What A Girl Wants: A Comprehensive US Policy on HIV and AIDS

The US HIV epidemic is taking the greatest toll among low-income women and women of color. US policy must address the complex medical, social, and economic realities of today's epidemic.

The following are co-authors of this article and the work referenced therein: Aziza Ahmed (ICW), Serra Sippel (CHANGE), Hadiyah Charles (HIV Law Project), Kathie Hiers (AIDS Alabama), Naina Khanna (WORLD), Brook Kelley (The Women’s Collective).

The HIV epidemic in the United States has become increasingly feminized, racialized, and impoverished over the past two and half decades. This trend was predictable – after all, it is women, people of color, and poor individuals who have the hardest time accessing health care information and services. President Bush’s response to the domestic HIV crisis was one that did little to change this fate; the former administration underfunded much-needed HIV care, prevention, and treatment services while simultaneously encouraging policies that lacked substantive basis in evidence.

But with the Obama administration things are finally looking up, and in the face of new and exciting health care reforms, women’s rights groups have drawn together a list of recommendations and submitted them directly to Jeff Crowley at the Office of National AIDS Policy in hopes that the White House will integrate these recommendations into the new National AIDS Strategy.  President Obama committed to a three-pronged National AIDS Strategy that would seek to: reduce HIV incidence, increase access to and utilization of care, and reduce health disparities. (Yes, you read that correctly, the United States still lacks a comprehensive national plan to address HIV!).

Our recommendations highlight the need for integrated health care delivery; elimination of government-sanctioned stigma, including the criminalization of HIV; involving HIV-positive women in forming policy; addressing geographic and economic health disparities; increasing access to health care services; integrating sexual and reproductive health services with HIV testing, treatment, and care; and preventing HIV transmission.

We also call for a realization of the rights of HIV-positive women whose complex medical, social, and economic realities require a nuanced and specific response.

Positive women who led and drafted the writing of the recommendations acknowledged this:

The reality for me is that as a woman living with HIV in the US, I am underinsured and cannot afford to get sick. I pay high monthly insurance premiums for poor health insurance benefit coverage. Even if I can get access to HIV care, if I have any other non-HIV related health issue, I have to spend large sums of money out-of-pocket before my insurance coverage can be used. Treating a systemic disease like HIV in isolation of all of the other health issues of a person belies the fact that health is best cared for holistically.

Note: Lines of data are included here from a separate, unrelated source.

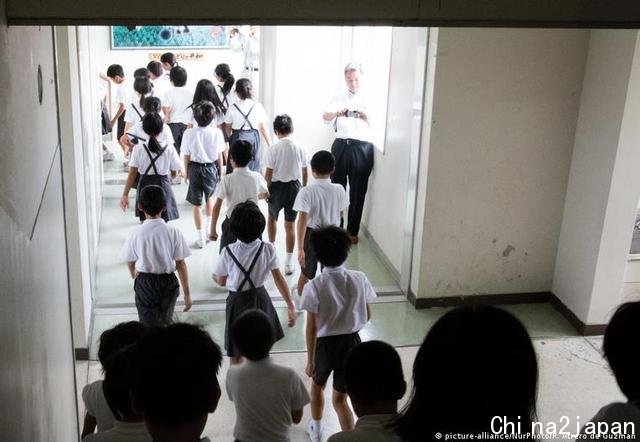 日本奇葩校规惹众怒!女生不许扎马尾,校方认为男生看脖子会兴奋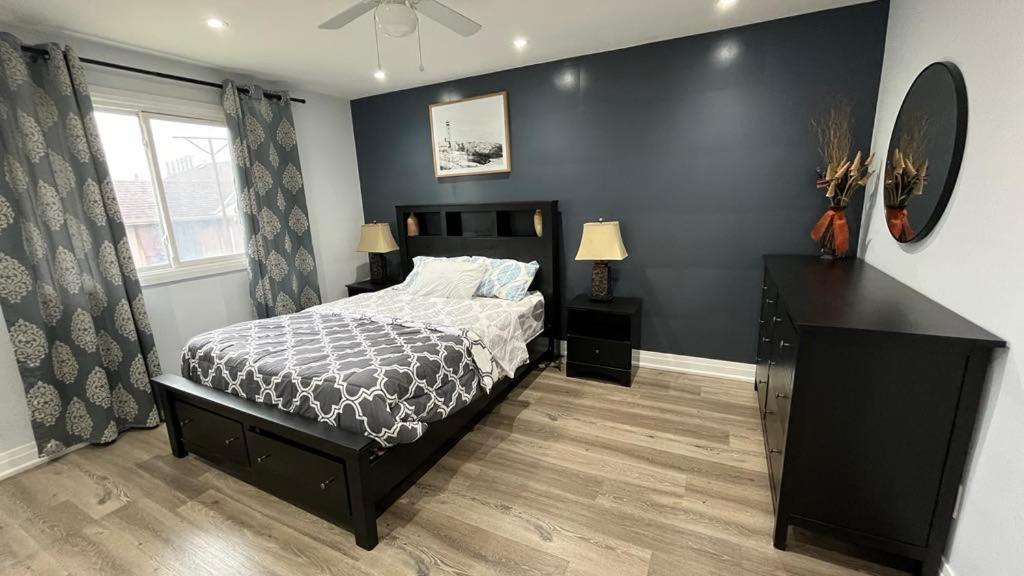 Spectacular 3 Bedroom 2 Wr House - Close To Airport Toronto Exterior photo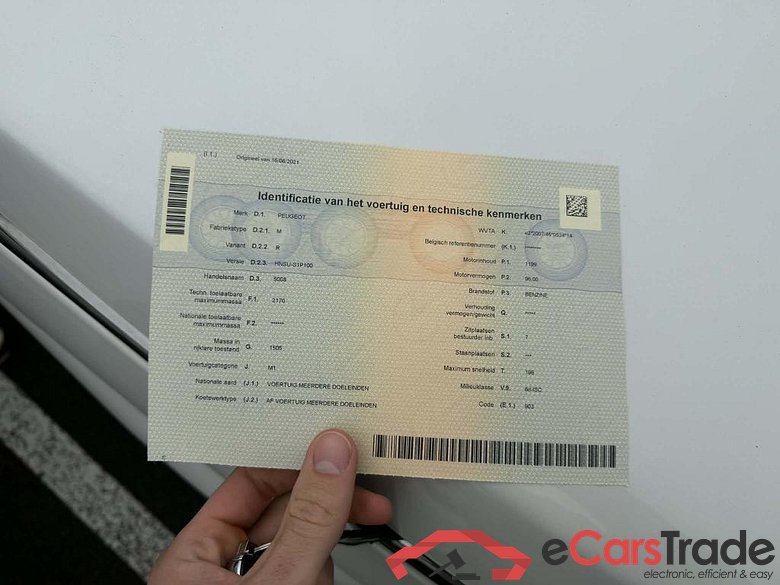 PEUGEOT 5008 1.2 PureTech Allure #5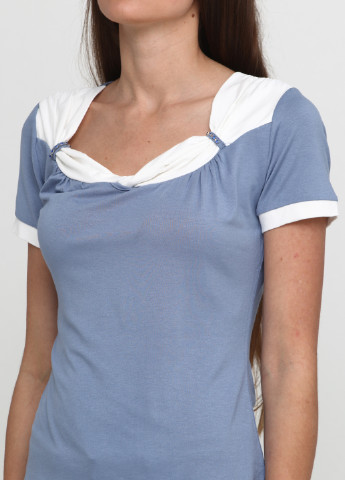 Світло-блакитна літня футболка Mariya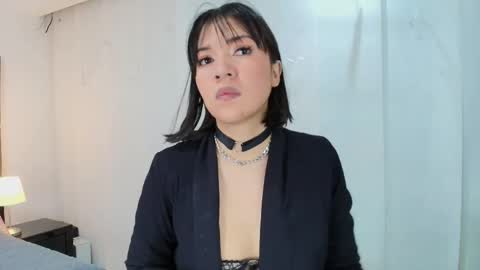  Lina Bedoya  online show from 10/08/25, 11:30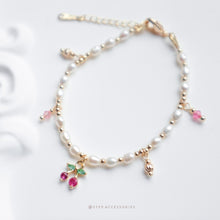 將圖片載入圖庫檢視器 Zircon Cherry Bracelet with Freshwater pearls and Swarovski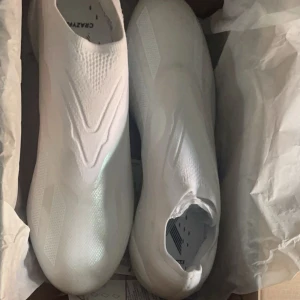 Addidas X crazyfast.1 Laceless FG - Säljer då de inte passa mina fötter Skulle annars säga att det är sköna snygga skor Nypris 3000kr  Oanvända bara testat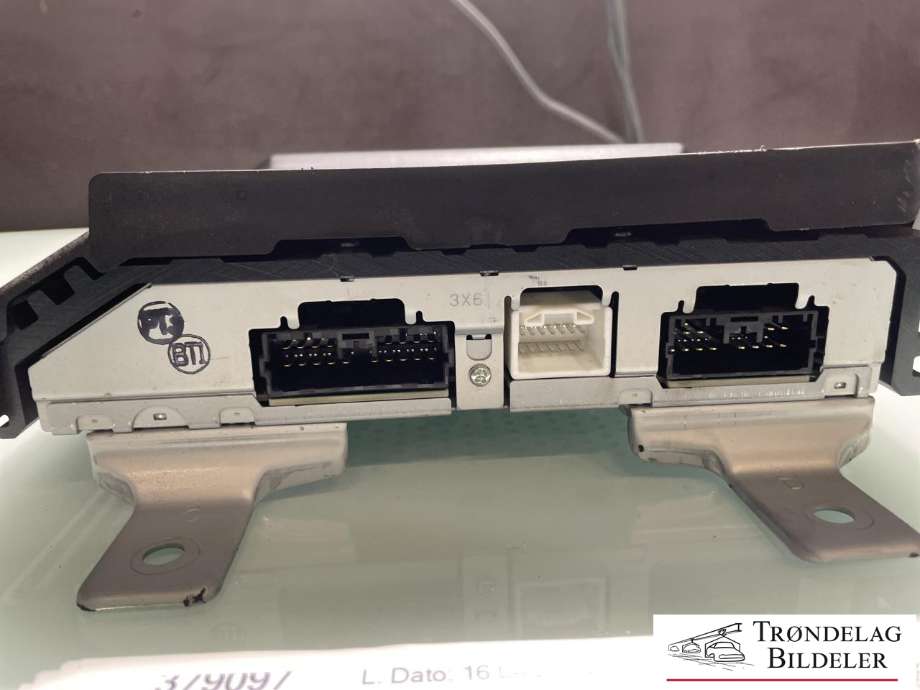 Bilstereo forsterker til Mitsubishi Outlander 2015-->> (Type III, Fase 2)  (8701A565|)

Important to note: we feel the best way to begin to address these challenges is to involve HIV-positive women directly in designing programs and policies that will affect their lives.

By making this submission to the Office of National AIDS Policy, we have not only made our demands to the Obama administration loud and clear, we have provided realistic steps for implementing these recommendations. After years of misplaced priorities, it is finally time to provide access to appropriate and integrated care, treatment, and support for the many women living with HIV and to begin to make real progress in curbing the HIV epidemic amongst women in the United States.